I I I I I I I


        Daughters of the Dirt / Sarah Higdon

Why Do I Need A Man?
by Erin McRae

Okay, so Japanese and Korean scientists have managed to make a baby rat from two female rats. Sheepishly, they try to put a spin on it, saying it just confirms that males are necessary in the, uh, natural order of things. Duh.

Meanwhile, certain women-without-men who want babies (you know who you are, and I used to be one of you) perk up their ears. And certain men become uneasy, wondering whether they’re even necessary, now that there seems to be no natural order of things anymore. After all, we have laboratories, we have sperm for the buying, and now for those who are offended that sperm may be involved in the process at all, we may not need it anyway. Besides, women have jobs. Some of us earn more than our husbands.

So what do we need a man for, anyway? This is the same question my husband asked me ten years ago, when we were dating.

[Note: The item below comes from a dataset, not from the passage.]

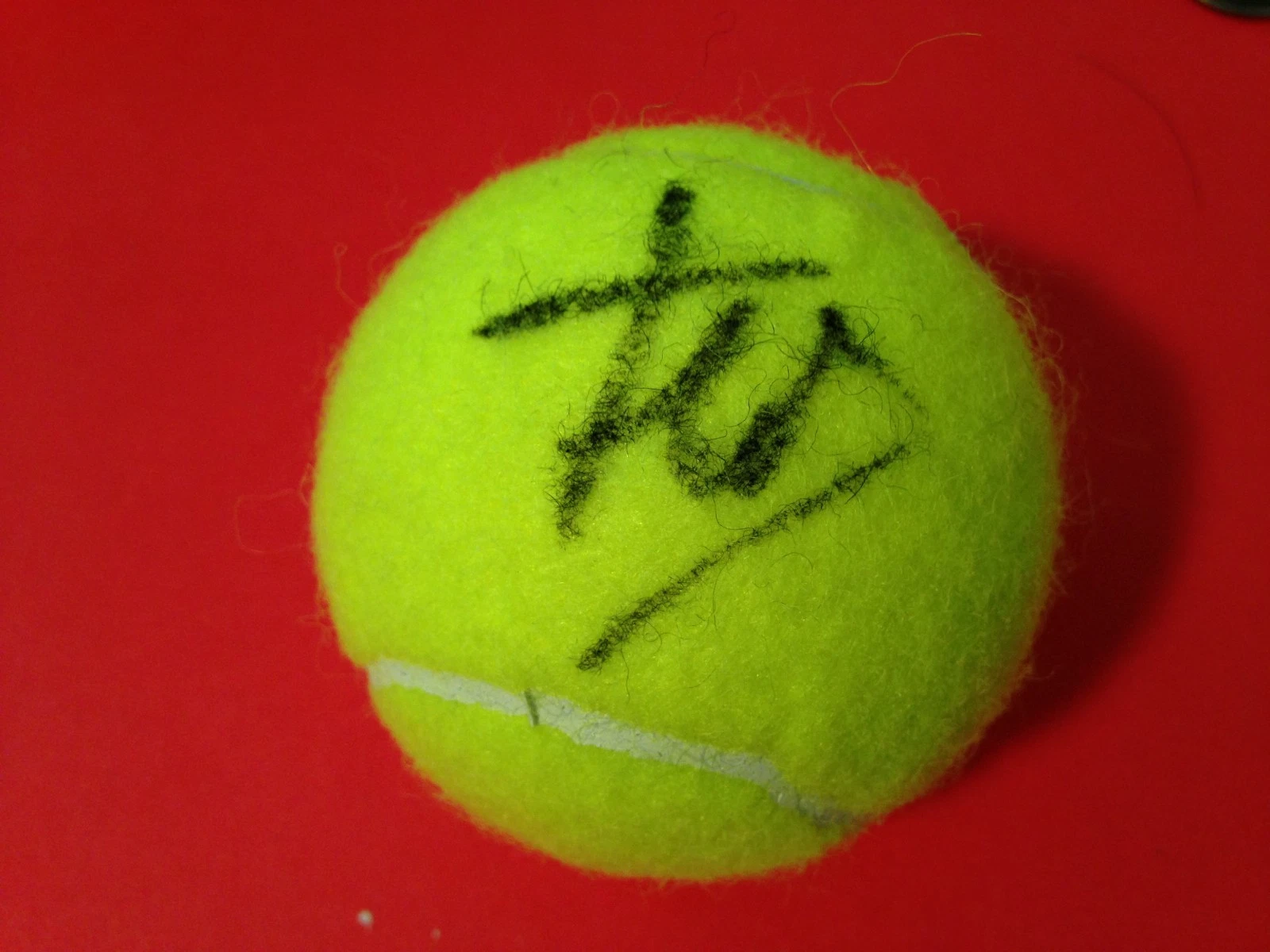 Flavia Pennetta Wilson Tennis Ball Signed Auto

I was 34 and never married, overeducated by the local university, and owned a home that I was remodeling. He was 27, still in grad school, and the kindest, most gorgeous man who had ever wanted to date me.

“Are you kidding?” I said. And when it turned out that he wanted reassurance beyond his desirability as a sex object, I asked him, “Does this look easy?” Because to me, I was just doing what I was supposed to do in the absence of a partner, the same thing most single women do—fill all the roles as best we can. It wasn’t easy and it wasn’t particularly fun. It was to my chagrin that my doing it well—or at least appearing to—might be intimidating to a potential mate. So I let him mow the lawn.

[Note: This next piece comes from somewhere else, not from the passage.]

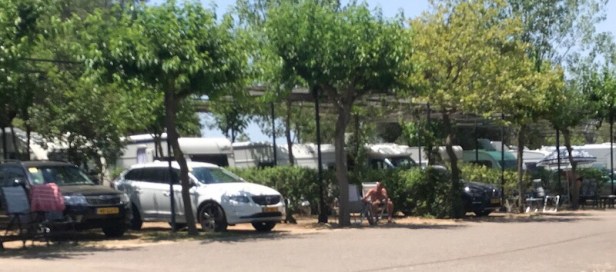 088b90d2-4050-4802-882a-617212f619cc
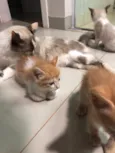 Gatinhos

Actually, we had a deep conversation that night, in which I tried to explain this: that my self-reliant life was all an act borne of necessity, that what I most wanted in life was a soul mate to share it. That I was lonely. He was looking for more than that, it turned out, and this is something perhaps that only a man can fully understand. He wanted to feel needed in a way that mattered to him. That made me a little nervous, because I wasn’t quite sure what it meant. I was afraid it might mean giving up some indefinable part of myself, the part that had protected me all those years. And in a way, it did mean that.

The truth is, I was terrible at being single, and that’s okay. Because I don’t think we were meant to be alone. Some of us pull it off very well and some of us prefer it to the painful attempts at failed relationships. But I’ve come to realize that the beauty of relationships is their interdependence, and personal vulnerability is a necessary ingredient. The closer you are to someone, the more vulnerable that makes you. For some, friendship is enough to sustain them. For me, it doesn’t even come close.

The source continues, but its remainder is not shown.